## WORK INSTRUCTION
In duplicating the lines below, keep every word unchanged and drop the pictures.

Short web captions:
···
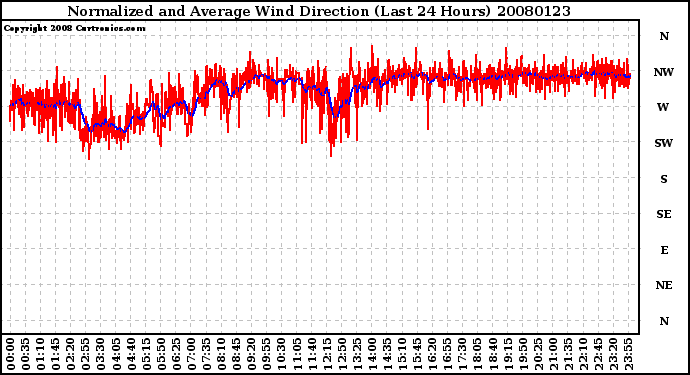 Milwaukee Weather Normalized and Average Wind Direction (Last 24 Hours)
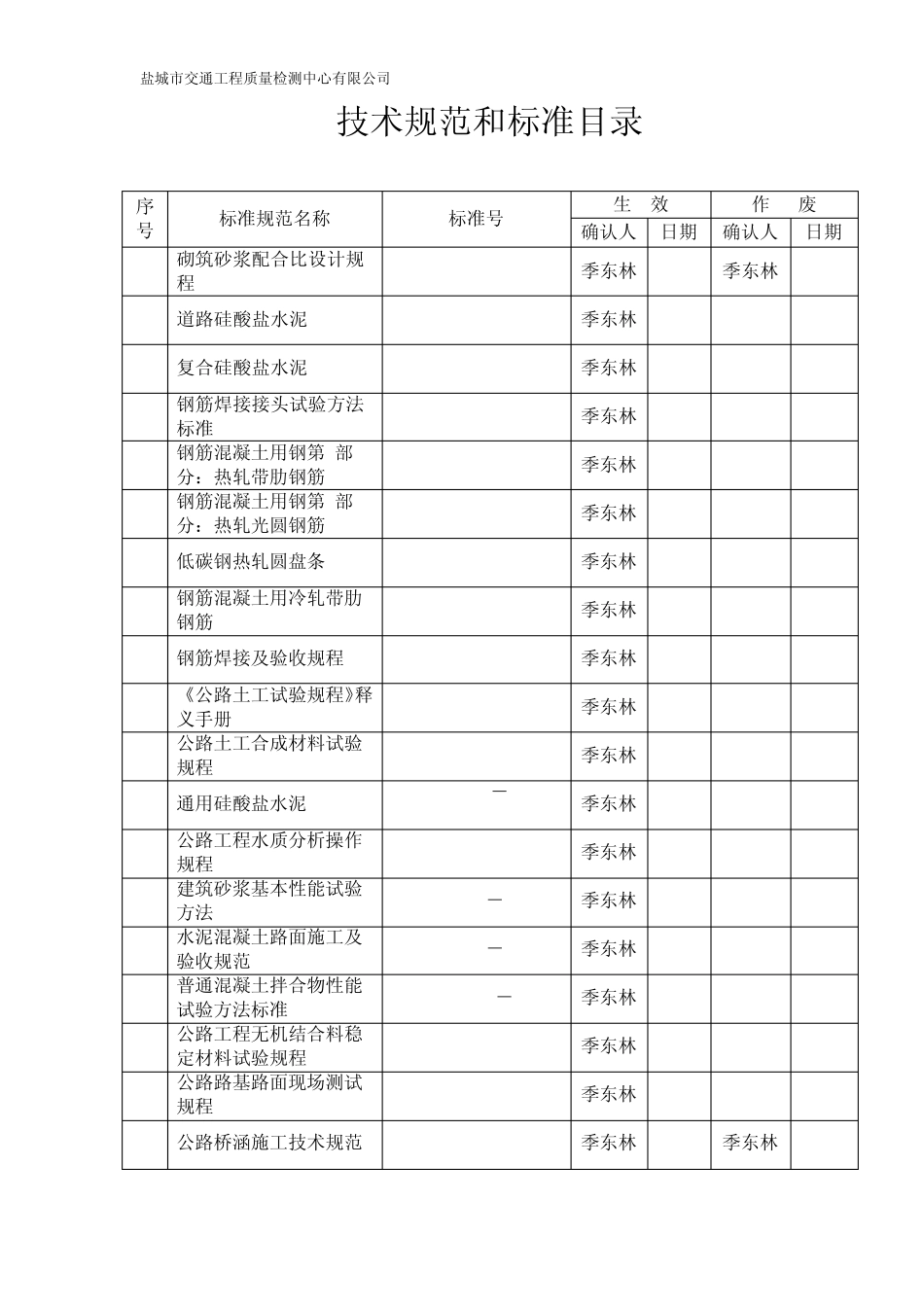 技术规范和标准目录_第2页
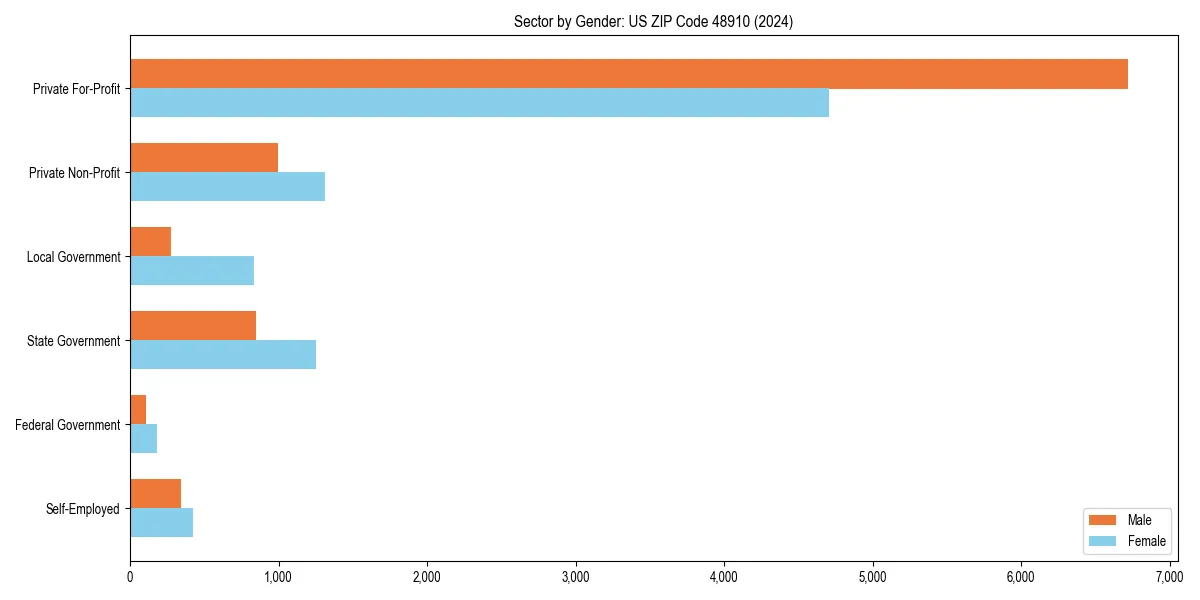 Employment sector breakdown by gender in 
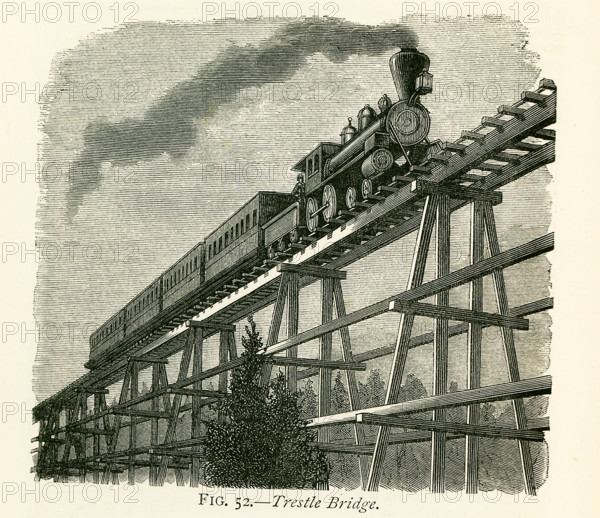 This illustration dates to the 1870s and shows a trestle bridge that is part of the rail line of the Great Pacific railway - the transcontinental railway. At Sherman, 549 miles from Omaha, the line attains the summit of its track over the Black Hills, and the highest point on any railway in the world (in the 1870s), being 8,242 ft. above the level of the sea. Wild and desolate scenery characterizes the district round Sherman, and the hills, in places covered with a dense growth of wood, will furnish an immense supply of timber for years to come. The timber-sheds erected over the line, and the fences beside it are not so much on account of the depth of snow that falls, but to prevent it from blocking the line by being drifted into the cuts by the high wind. A few miles beyond Dale Creek at Sherman is the largest bridge on the line. It is a trestle bridge, 650 ft. long and 126 ft. high, and has a very light appearance, indeed, to an English eye unaccustomed to these impromptu timber stru...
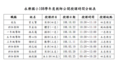 Read more about the article 108學年度教師公開授課時間表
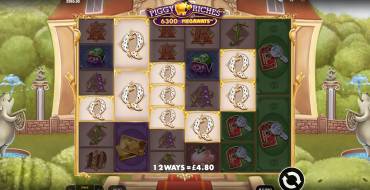 Piggy Riches Megaways: Gewinnen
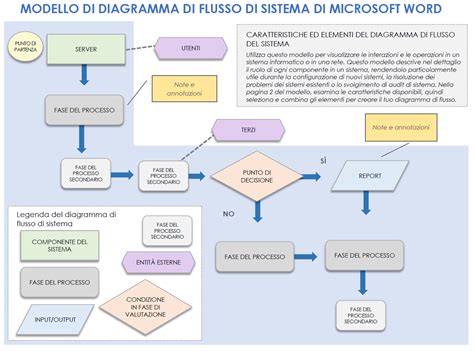 Diagramma che illustra un sistema di template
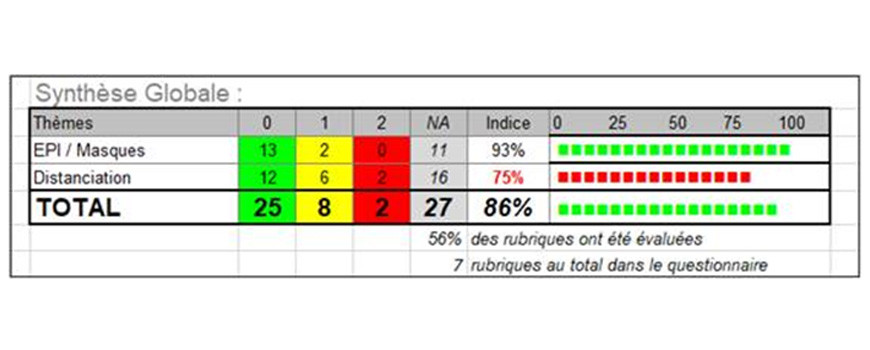 RESULTAT AUDIT COVID-19 : SEMAINE 43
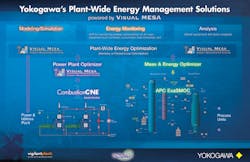 Aw 14763 Soteica Visual Mesa Pr 1057 Aw 14763 Soteica Visual Mesa Pr 1057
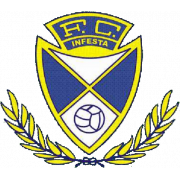 FC Infesta Sub-17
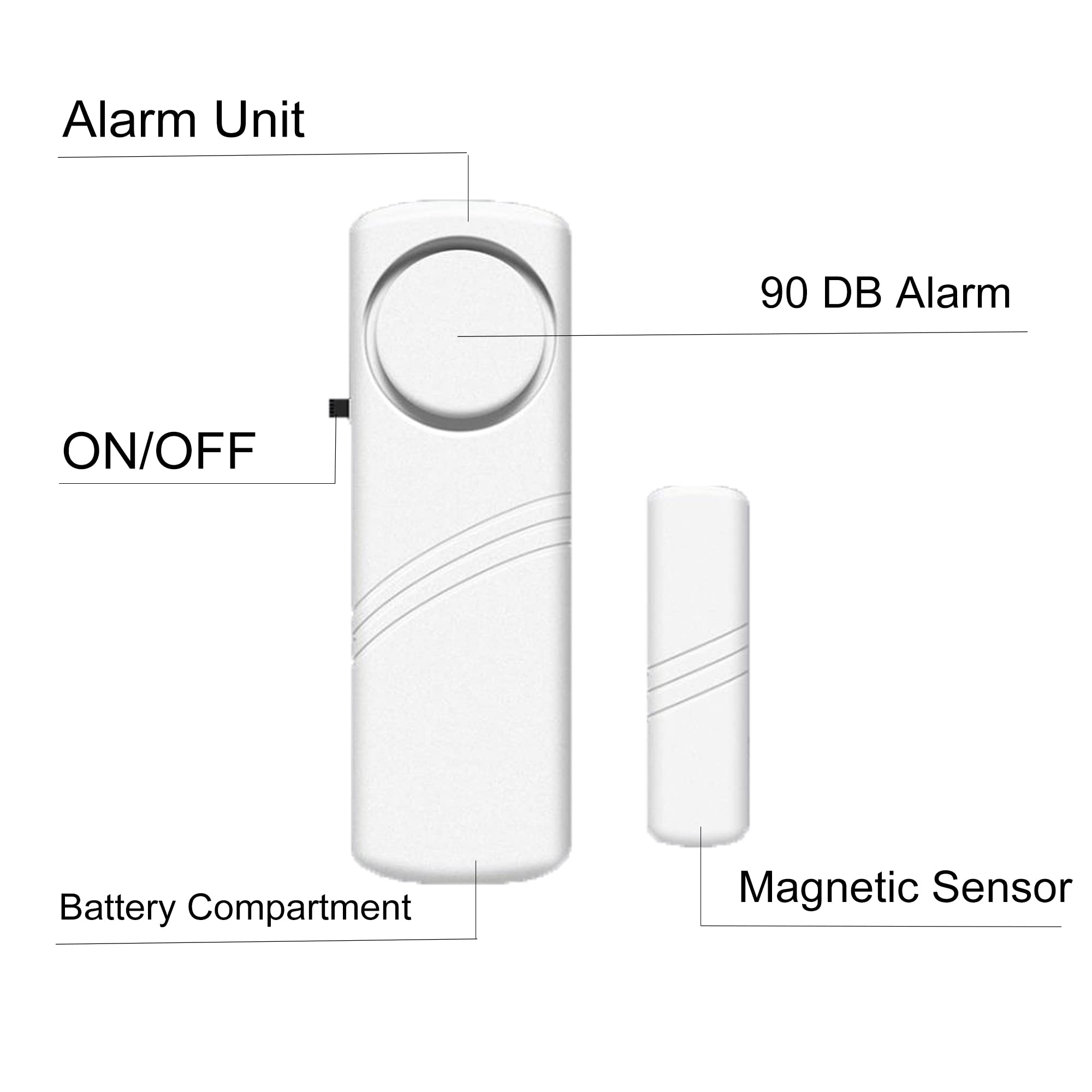 Home Security Door & Window Alarm Sensor - 3 Pack for Child Safety, Toddler Protection & Swimming Pool Security | Wireless Entry Alert System for Enhanced Safety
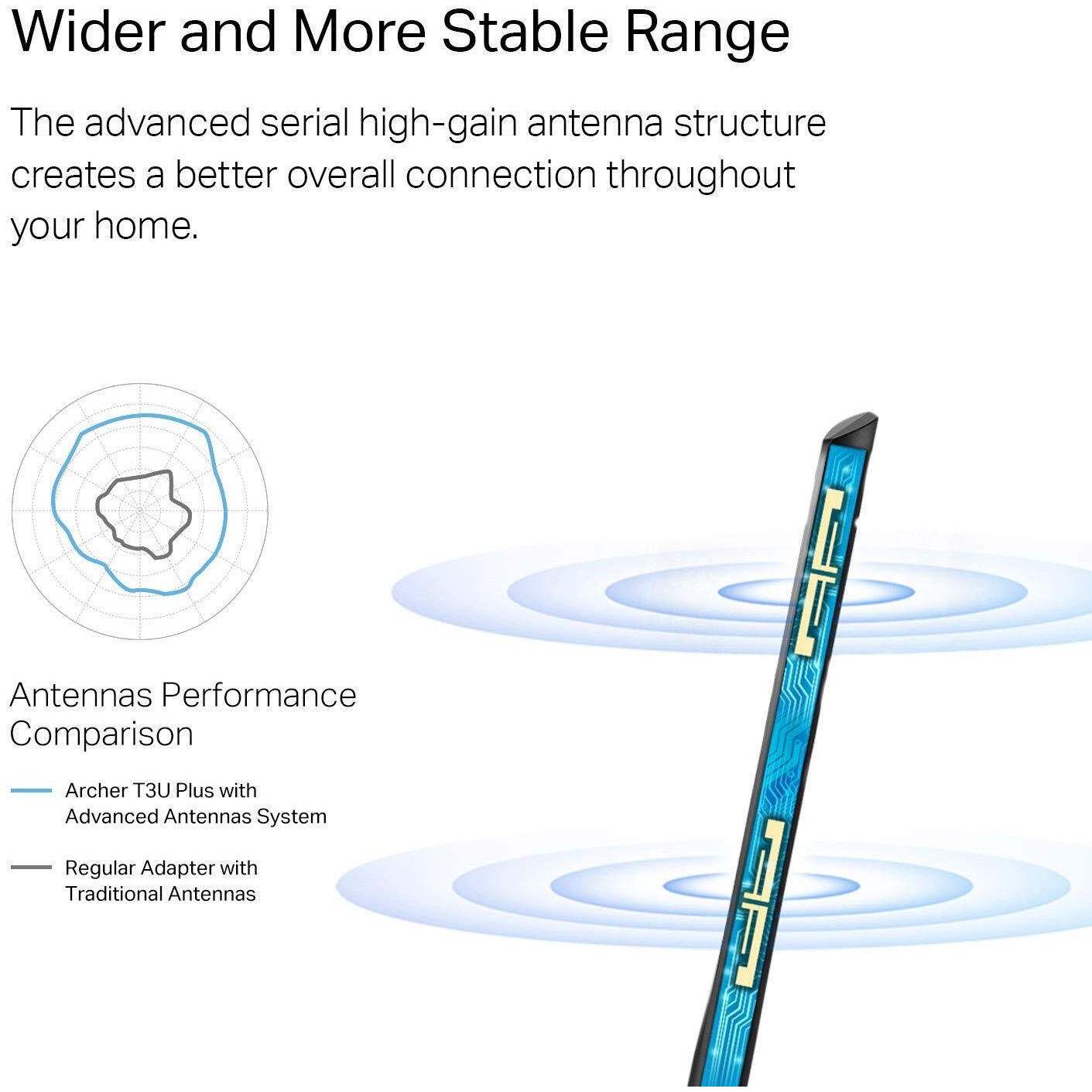 AC1300 High Gain Wireless Dual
···
## ANSWER FOR THE TASK
 Milwaukee Weather Normalized and Average Wind Direction (Last 24 Hours)
 技术规范和标准目录_第2页
 Employment sector breakdown by gender in 
 This illustration dates to the 1870s and shows a trestle bridge that is part of the rail line of the Great Pacific railway - the transcontinental railway. At Sherman, 549 miles from Omaha, the line attains the summit of its track over the Black Hills, and the highest point on any railway in the world (in the 1870s), being 8,242 ft. above the level of the sea. Wild and desolate scenery characterizes the district round Sherman, and the hills, in places covered with a dense growth of wood, will furnish an immense supply of timber for years to come. The timber-sheds erected over the line, and the fences beside it are not so much on account of the depth of snow that falls, but to prevent it from blocking the line by being drifted into the cuts by the high wind. A few miles beyond Dale Creek at Sherman is the largest bridge on the line. It is a trestle bridge, 650 ft. long and 126 ft. high, and has a very light appearance, indeed, to an English eye unaccustomed to these impromptu timber stru...
 Read more about the article 108學年度教師公開授課時間表
 Piggy Riches Megaways: Gewinnen
 Diagramma che illustra un sistema di template
 RESULTAT AUDIT COVID-19 : SEMAINE 43
 Aw 14763 Soteica Visual Mesa Pr 1057 Aw 14763 Soteica Visual Mesa Pr 1057
 FC Infesta Sub-17
 Home Security Door & Window Alarm Sensor - 3 Pack for Child Safety, Toddler Protection & Swimming Pool Security | Wireless Entry Alert System for Enhanced Safety
 AC1300 High Gain Wireless Dual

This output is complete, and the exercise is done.